Yani, bu tarz ilişkiler "Benimle çıkar mısın?" cümlesi eşliğinde mi başlardı yoksa kuru bir "Senden hoşlanıyorum." yeterli geliyor muydu?

Gönül işlerine çok ama çok uzaktım.

"Şu patates cipsini uzatsana."

Yaren'in sesiyle kendime geldiğimde mutfakta yalnızca ikimiz kalmıştık. Durumu izah etmem gerekirse eğer, Çağlar'ın evinde Talha ve arkadaşlarıyla kaynaşma partisi verdiğimizi söylemem yanlış olmazdı. Abimin fikriydi ve Altay da burada olacağı için böyle bir teklifi geri çevirmek istememiştim açıkçası. Üstelik bu defa bana da bir dostum eşlik ediyordu. İstediği cips paketini Yaren'e fırlatıp dudak büzdüm.

"Öyle ölmem, füze at."

"Şakacı."

Yaren cipsi bir kaba boşaltırken sıkıntıyla nefes verdim. Talha, kalabalık sayılabilecek bir grupla gelmişti ve hâliyle bunun gerginliğini yaşıyordum azıcık. Altay ise henüz ortalarda görünmüyordu. Ben buraya onun için gelmişken bizi ekerse küfür etmem işten bile olmazdı.

Ona edeceğim küfürleri düşünürken elime cips tabaklarından birini aldım ve mutfaktan ayrıldım. Dalgın olduğumu kabul ediyorum... İçeri geçerken salona girmek üzere hareketlenen tek kişi olmadığımın farkına varmam biraz zaman almıştı bu yüzden. Altay'la buluşan bakışlarımız ve sonrasında gelen şok dalgası doğal olarak beni yerime çakılı bıraktığından, arkamdan yürüyen Yaren bana çarpmış; hafifçe öne savrulduğumdaysa yine Altay tarafından kurtarılmıştım.

"Hop," diye bir ses döküldü dudaklarından. Elleri belime sarılmışken doğrulmamı sağlayıp gülümsedi. "...yakaladım seni."

Eriyorum.

Yaren yere dökülen cipsler adına kendi çapında feryat ederken ikimiz de onu umursuyor gibi değildik. Dünya bizim için birkaç saniyeliğine durmuş olabilirdi. Zaman yalnızca tek yöne akar, fiyaskosuyla yıllarca kandırılmışız meğer...
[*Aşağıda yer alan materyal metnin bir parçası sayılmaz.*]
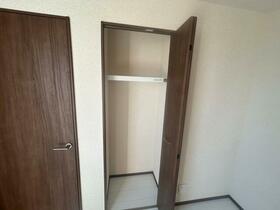 10/16 その他画像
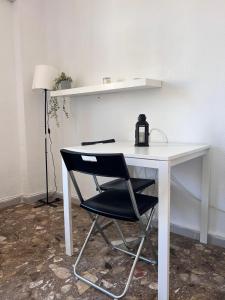 Estudio 213 Carihuela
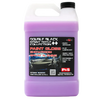 P&S PAINT GLOSS SHOWROOM SHINE GAL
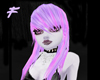 ~F~ NeonNightOut HiKARU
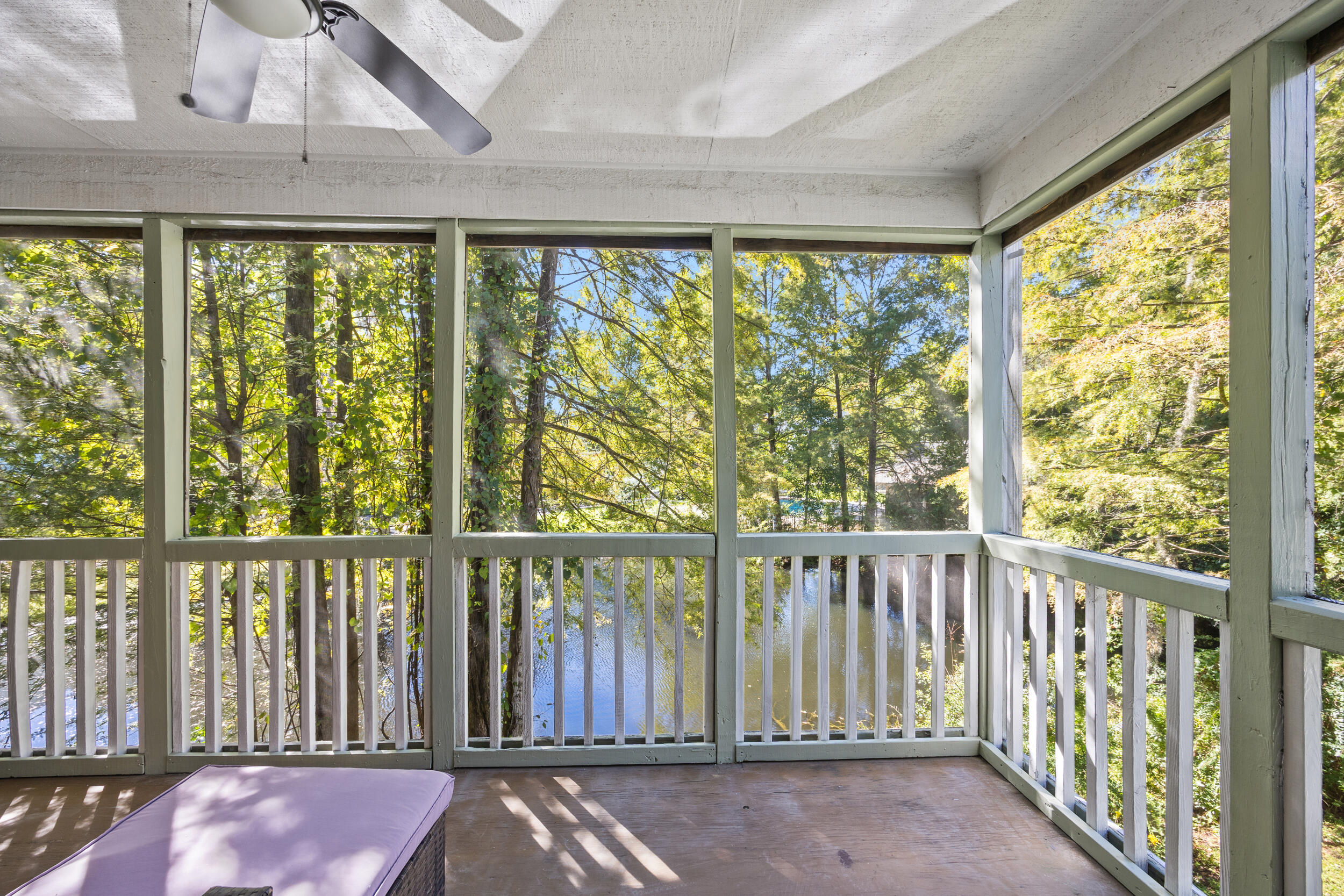 405 Sunny Side Way Summerville, SC 29485 - Photo 26 of 36 _I2A1225 (1)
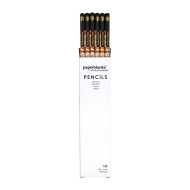 Generatio (The Book of Kells) 12 Pack Pencils
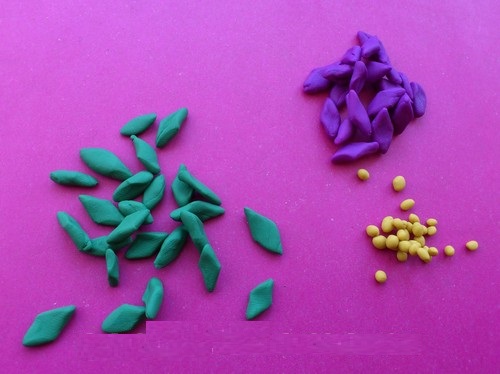 otkrytka-8-marta-plastilin03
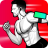 icon Map Runner(Running App - GPS Run Tracker) 1.7.1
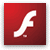 FlashPlayer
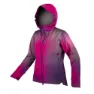 Endura MT500 vanntett sykkeljakke Machair dame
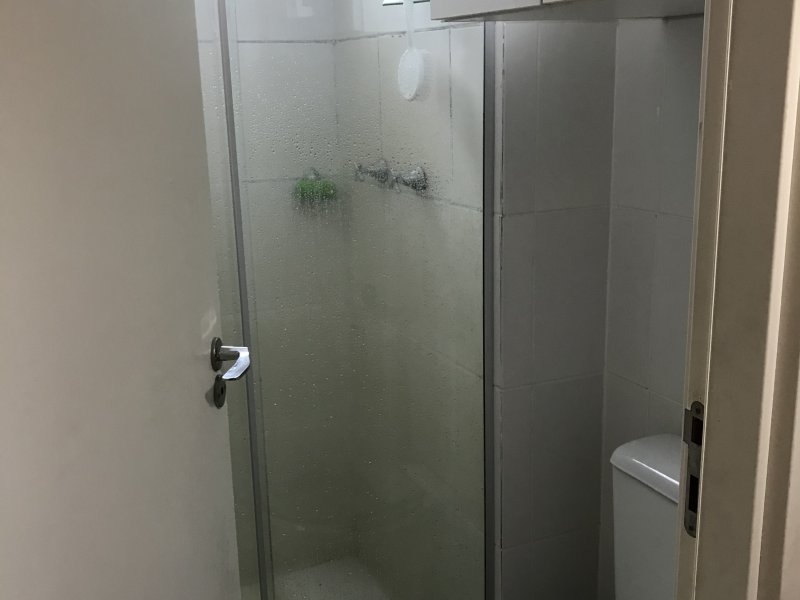 imóvel com 51m² - Jacarepaguá - Rio de Janeiro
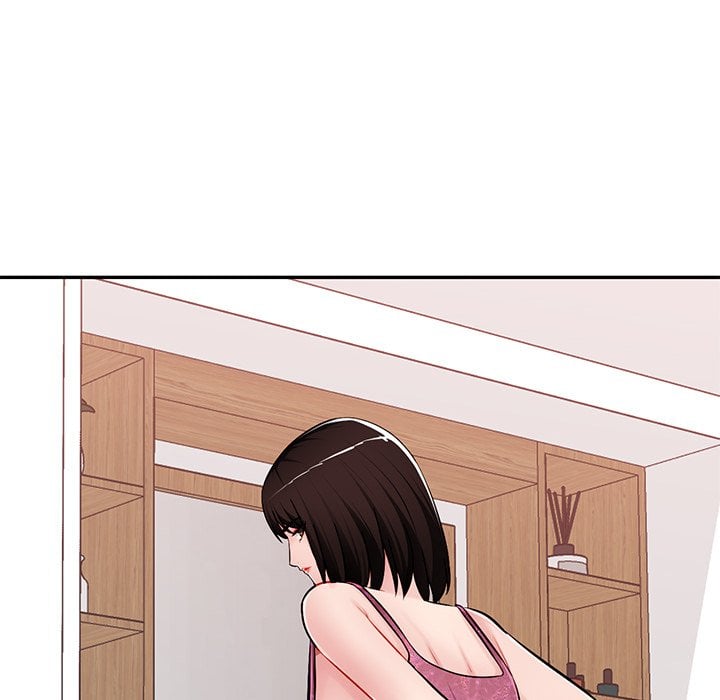 Boss Around - Chapter 27 92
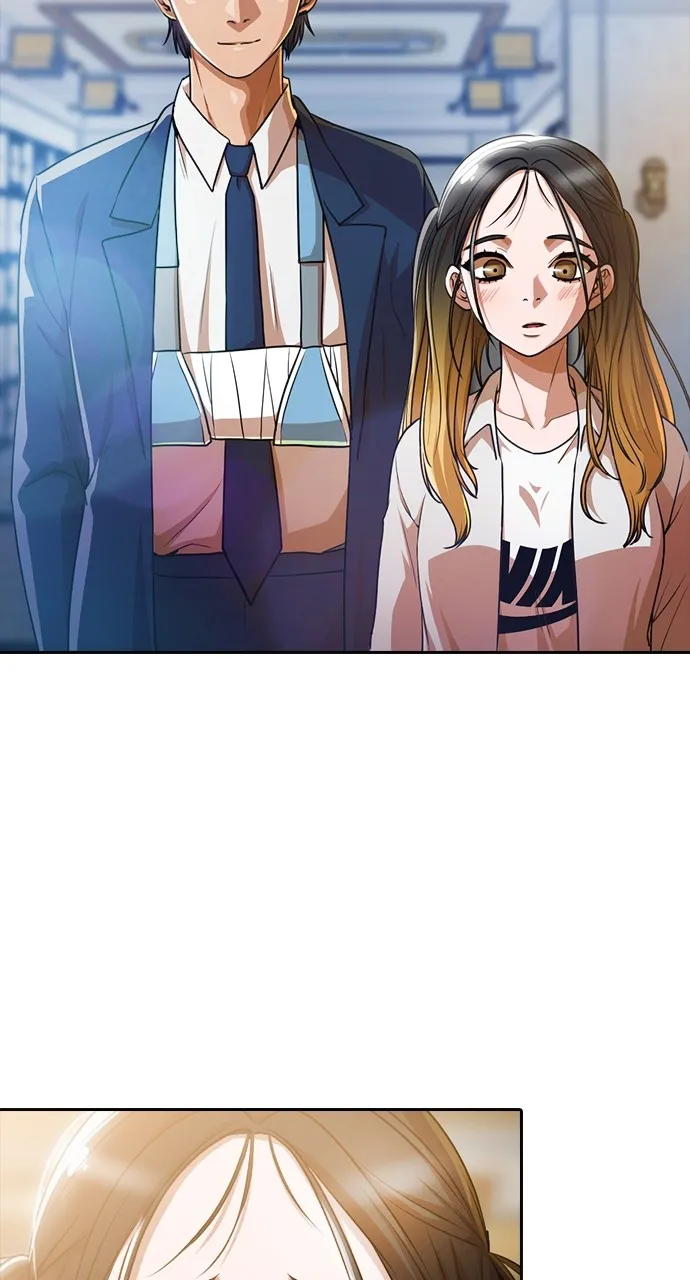 Read Random Chat chapter 283 image 65 on Lezhin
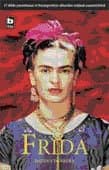 Frida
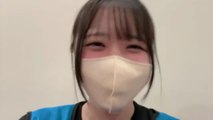 田村真悠 SKE48 2025-09-04 20_07 SHOWROOM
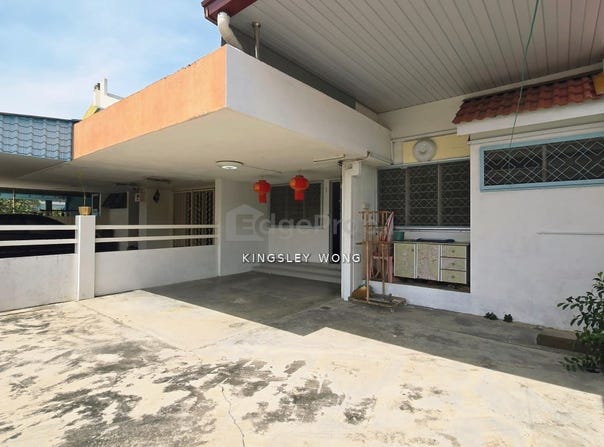 Ipoh, Perak 31400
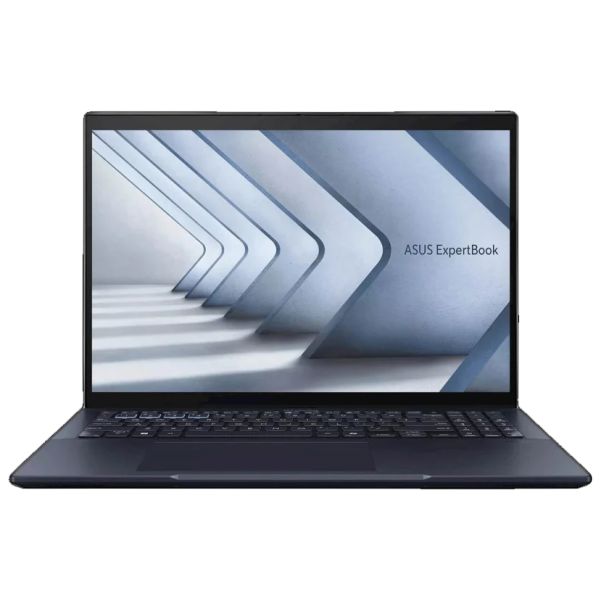 Laptop ASUS ROG Zephyrus G14 OLED 14" GA403WR-QS16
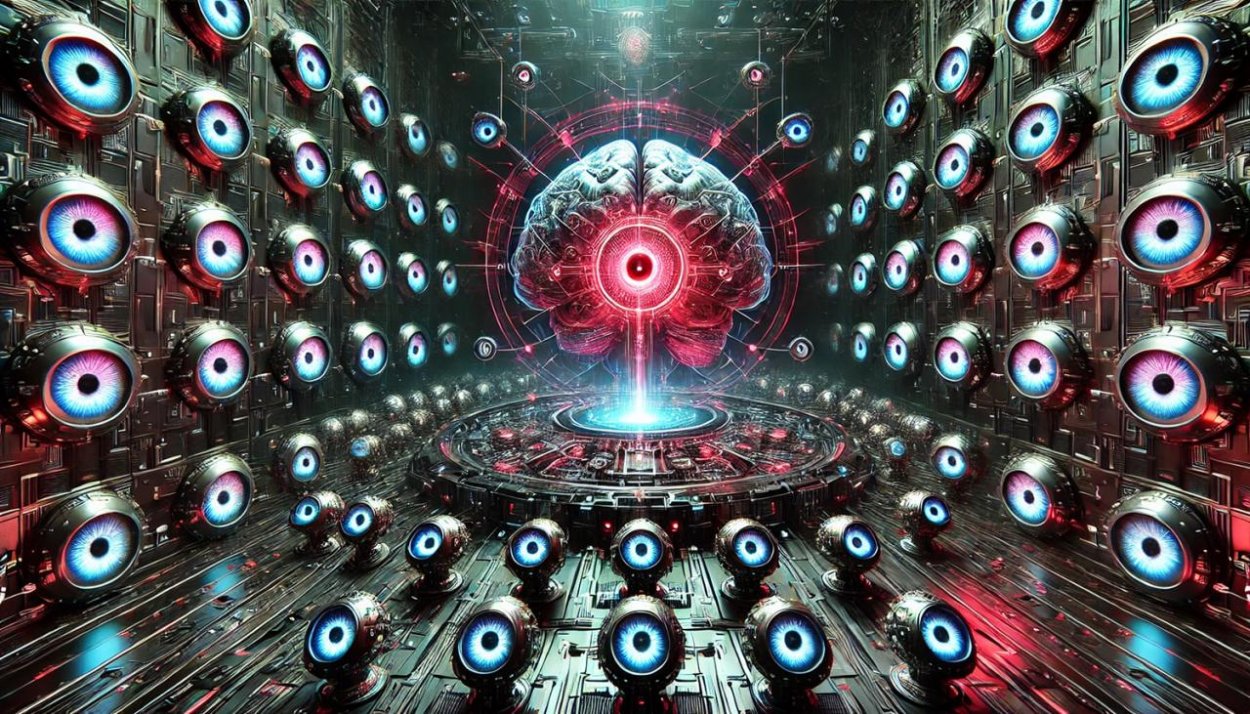 The Economist: S Manusom vybuchla éra otvoreného experimentovania s AI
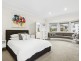 21 Napier Street, Dover Heights NSW 2030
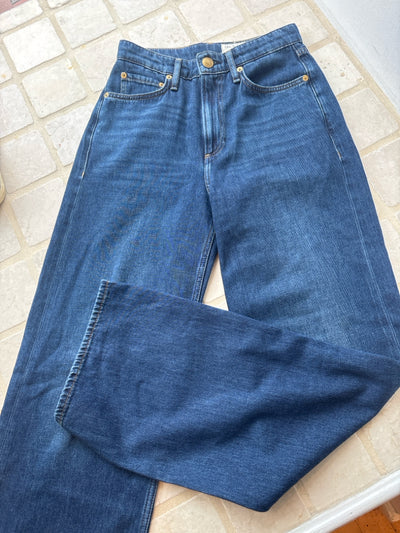 Rag and Bone Jeans (Pre-owned)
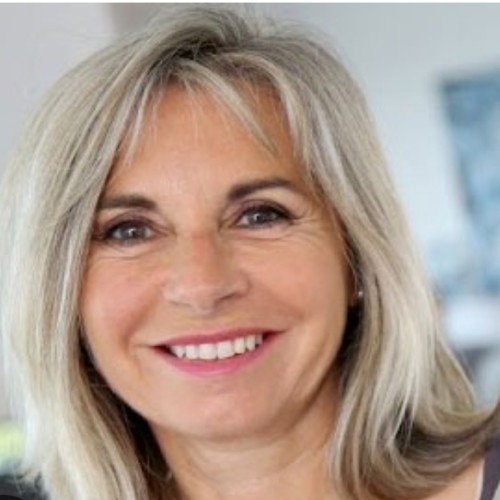 Mervaia N. profile photo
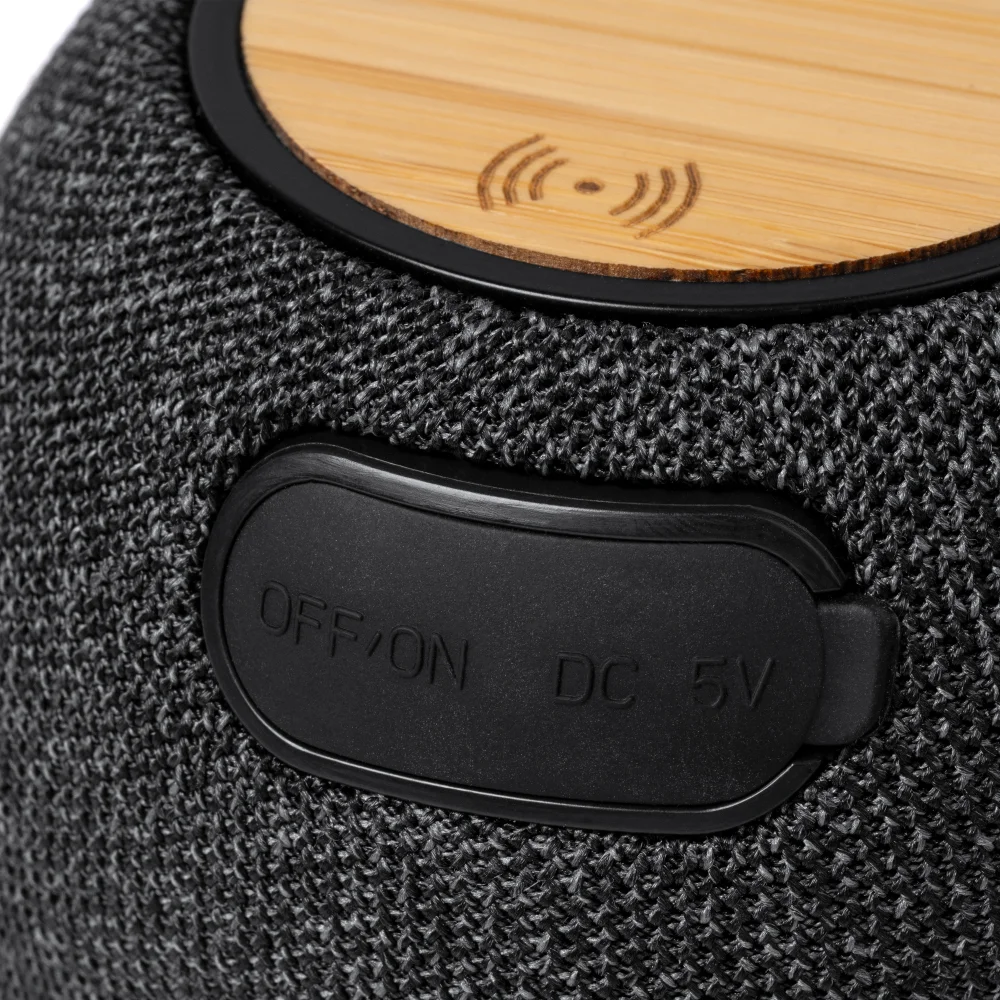 Altavoz BANDINI Inalámbrico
"Sude yok mu?" tarzında sinir bozucu bir cümleyle olaya dahil olan Çağlar'ı duyana dek pozisyon değiştirme girişiminde bulunmamıştık ikimiz de. Abimin bizi o hâlde görmesini istemediğim için hâliyle ilk toparlanan ben olmuştum. Altay'dan hızlı bir şekilde ayrılıp salona girdim fakat bu sırada ondan gelecek olan cevabı bekliyordum.

"Yok." demişti. "Çağırmış mıydın?"

"Onu arayacaktım ama Çağla 'Ben yazarım.' dedi, sana da söylemedim o yüzden... Çağla?" diye seslenip ardımdan salona girdi Çağlar. "Sude'ye söylemedin mi?"

Ehe.

"Unutmuşum abi ya... Aklımdaydı ama okul yoğun şu sıralar, biliyorsun." dedim yerime geçerken. Altay yüzünden kendi yalanlar binamı inşa ediyordum yavaş yavaş. Yine de onun hayalet gülümsemesini yakaladığımda gülümsememek için büyük çaba harcamam gerekmişti. Yalanımla gurur duyuyor değildim ama bu gece Sude'nin tadımı kaçırmasına da elbette izin veremezdim. Bana kalırsa haklı bir dava uğruna söylenen yalan, günah sayılmamalıydı.

Çağlar o konu üzerinde durmayıp Defne'nin yanına gittiğinde Yaren hemen yanımda bitti.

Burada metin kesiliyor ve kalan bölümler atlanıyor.